Diese Diäten werden nur bei austherapierten Epileptikern empfohlen. Vorher macht es keinen Sinn, es sind ja sehr spezielle Diäten die stark das Essverhalten bestimmen bzw einschränken
Warum das leben von einer Diät bestimmen lassen, wenn man mit z.b. zwei Tabletten täglich anfallsfrei ist, normal leben kann nur dass man an die Tabletten denkt
Die Epilepsie soll nicht dein leben bestimmen

Es passiert auch nicht zwangsläufig dass es zu Nebenwirkungen kommt. Habe ich bei der jetzigen Medikation auch nicht.

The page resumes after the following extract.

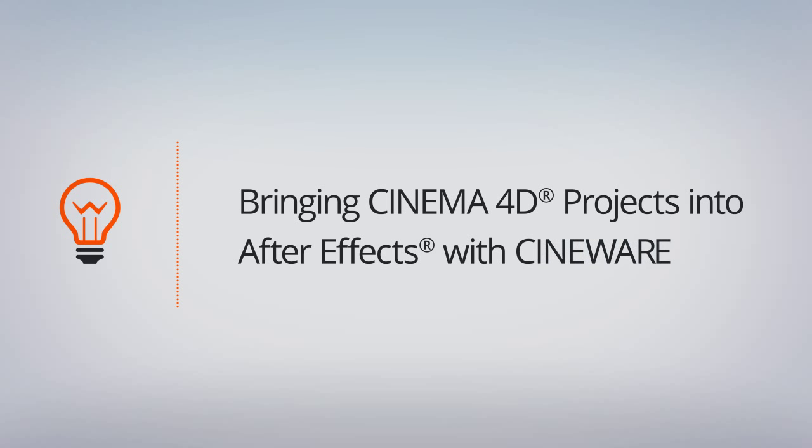In this lesson, we're going to learn how to bring Cinema 4D projects into After Effects with CineWare.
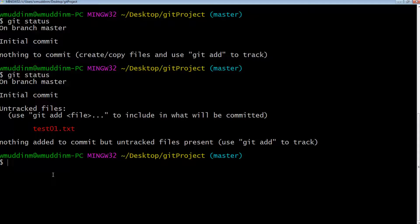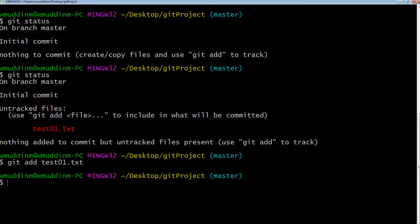What we want to do is get this file into stage two. To do that, we need to add the file so that git knows about it. It's quite simple — type git add followed by the name of the file, which is test01.txt, and hit enter. This has now added that file to stage two.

Ich bin ein "alter Hase" unter den Epileptikern. Man kann gut/ normal mit epilepsie leben. Darf nicht sein leben von der krankheit beherrschen lassen. Bin 36 Jahre alt und habe 35 Jahre Anfälle hinter mir
Phasen/ Jahre der Anfallsfreiheit, auch ohne Medikation und Phasen mit bis zu drei Versch. Tabletten oder wie jetzt zwei Versuch Tabletten und trotzdem zwei Anfälle im monat-- gelte inzwischen als austherapiert

Neuling

Eifel2001, Monday, 12.01.2015, 17:17 (vor 4234 Tagen) @ sandytimmy

Vielen Dank für die schnelle Antwort.
Wir haben es die letzten 3 Monate ohne Medikamente versucht. Regelmäßiger Schlaf, frühes zu-Bett-gehen. Hat 3 Monate lang auch funktioniert. Aber an Silvester funktioniert so etwas bei einem 13-jährigen irgendwann auch nicht mehr. Er war schon eingeschlafen, ist dann um Mitternacht wach geworden und raus gegangen. Nach dem böllern konnte er wohl nicht mehr richtig ein-schlafen. Am nächsten Morgen kam dann der Krampf.
Nun hab ich natürlich Angst, das man ihm direkt die volle "Dröhnung" verpasst. Irgend wie hoffe ich natürlich, das man es mit einer geringen Dosierung und einem
entsprechendem Lebenswandel in den Griff bekommt. Aber es kann auch keine Perspektive
für einen jungen Menschen sein an solchen Tagen wie Silvester um 10.00 Uhr schlafen
zu gehen. Je mehr ich mich als Mutter damit beschäftige desto größer wird die Angast vor den Medikamenten und den Nebenwirkungen.
Aber irgendwie müssen andere Menschen ja auch damit klar kommen.
Ich muß mich wohl erst an den Gedanken gewöhnen.:-(

Neuling

huge88, Großraum Nürnberg/Fürth/Erlangen, Monday, 12.01.2015, 18:22 (vor 4234 Tagen) @ Eifel2001

Je mehr ich mich als Mutter damit beschäftige desto größer wird die Angast vor den Medikamenten und den Nebenwirkungen.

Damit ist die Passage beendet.